• Information shown

• • • • • • •

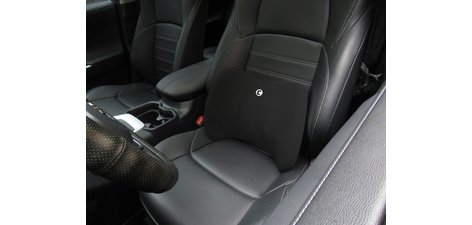 Support dorsal, Memory Foam, noir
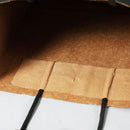 50X Kraft Paper Bags Gift Shopping Carry Craft Brown Bag With Handles - L-25.4cmx33cmx12.7cm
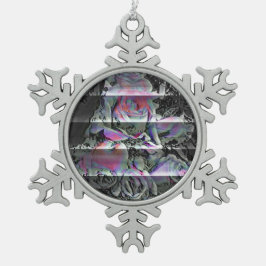 Techno Boeket Tin Sneeuwvlok Ornament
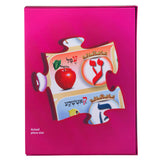 Alef Bais 24 Pc. floor puzzle - YIDDISH keywords with pictures (24" x 36")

• • • • • • •

• Activity
Omit the pictures, then set down all the remaining data exactly as given.

• Written solution
 Support dorsal, Memory Foam, noir
 50X Kraft Paper Bags Gift Shopping Carry Craft Brown Bag With Handles - L-25.4cmx33cmx12.7cm
 Techno Boeket Tin Sneeuwvlok Ornament
 Alef Bais 24 Pc. floor puzzle - YIDDISH keywords with pictures (24" x 36")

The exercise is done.